A standardized, structured questionnaire was used to collect information regarding maternal sociodemographic, medical, reproductive, and lifestyle characteristics during in-person interviews. All interviews were conducted in the hospital. Maternal and infant records were reviewed to collect detailed information concerning antepartum, labor, and delivery characteristics and the condition of the newborn infants. Maternal anthropometric measures (height, weight, and midarm circumference) were taken during the participants' hospital stay. Gestational age was based on the date of the last menstrual period and was confirmed by ultrasound examination. Prepregnancy body mass index, used as a measure of overall maternal adiposity, was calculated as weight (kg)/height (m)2. Blood samples collected in 10-ml ethylenediaminetetraacetic acid (EDTA) Vacutainer tubes (Becton Dickinson and Company, E. Rutherford, New Jersey) were immediately transported in a cooler with ice to the Blood Bank Laboratory of Dos de Mayo Hospital. Upon arrival at the laboratory, blood was centrifuged and plasma was divided into 1.0- to 2.0-ml aliquots, placed in cryovials, and stored at -70°C. Specimens were shipped on dry ice with blue ice packs to the United States for biochemical analyses.
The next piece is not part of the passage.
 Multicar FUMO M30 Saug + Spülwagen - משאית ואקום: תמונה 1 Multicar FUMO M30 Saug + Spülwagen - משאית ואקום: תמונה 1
Blood samples were available for 180 cases and 196 control subjects. After the exclusion of six cases and three control subjects with chronic hypertension diagnosed prior to pregnancy or during the first 20 weeks of the index pregnancy, 174 preeclampsia cases and 193 normotensive control subjects remained for study. Because maternal plasma antioxidant nutrients and lipid concentrations may change rapidly after parturition (19Go), we further excluded 49 preeclampsia cases and 14 controls for whom blood samples were drawn after delivery, thus leaving 125 cases and 179 controls for this research. Maternal sociodemographic and clinical characteristics were not materially different for those excluded subjects compared with those retained for this analysis.
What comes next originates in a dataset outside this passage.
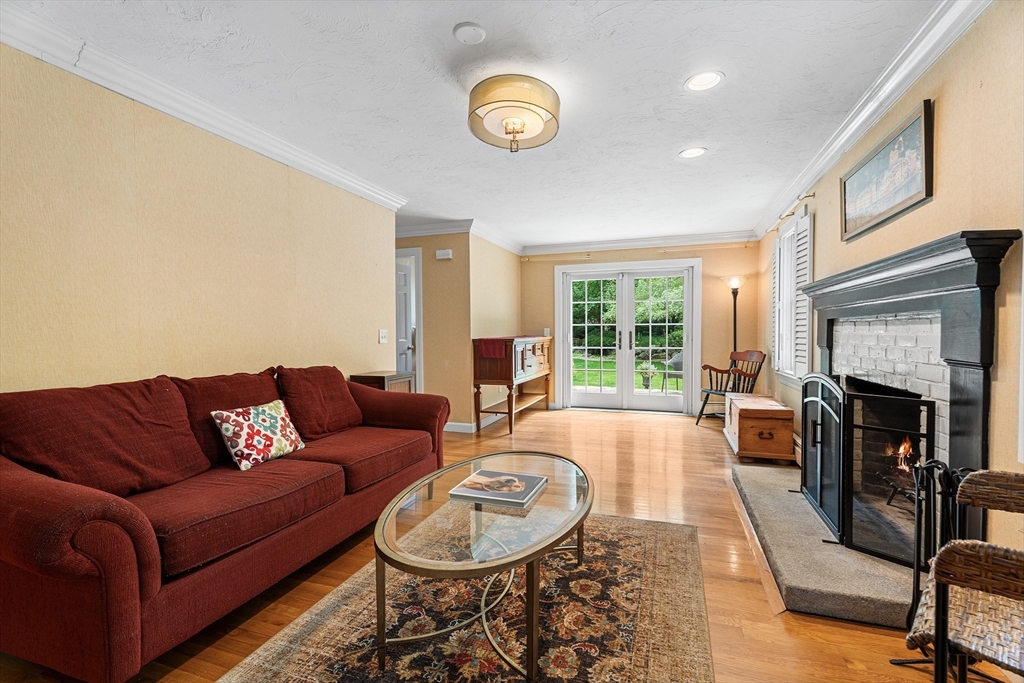 6 Fruit St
Plasma antioxidant nutrients were measured by high performance liquid chromatography (HPLC). The HPLC assay was modified to expand analysis to include determination of lutein, zeaxanthin, and ß-cryptoxanthin concentrations. The extraction of analytes from plasma, the quality control parameters, and the HPLC methods were previously published (20Go). Briefly, a hexane extract of plasma was injected onto a 3-mm C-18 Spherisorb ODS-2 HPLC column (Alltech, Deerfield, Illinois) and eluted with an isocratic solvent consisting of 73 percent acetonitrile, 12 percent tetrahydrofuran, 8 percent methanol, 7 percent water, 0.025 percent ammonium acetate, and 0.05 percent diethylamine (volume/volume) at a flow rate of 1.2 ml/minute. Lutein, zeaxanthin, ß-cryptoxanthin, and lycopene were detected at 476 nm, {alpha}-carotene and ß-carotene were detected at 452 nm, {alpha}-tocopherol and {gamma}-tocopherol were detected at 292 nm, and retinol was detected at 325 nm. The coefficient of variation for pooled quality control samples was <=10 percent for all analytes. Plasma cholesterol was measured to calculate the ratio of vitamin E to cholesterol. Plasma total cholesterol concentrations were measured enzymatically (18Go). Total cholesterol measurements were standardized by the Lipid Standardization Program of the Centers for Disease Control and Prevention, Atlanta, Georgia. Triglycerides were analyzed by a glycerol phosphate oxidation assay. All laboratory analyses were performed without knowledge of pregnancy outcome.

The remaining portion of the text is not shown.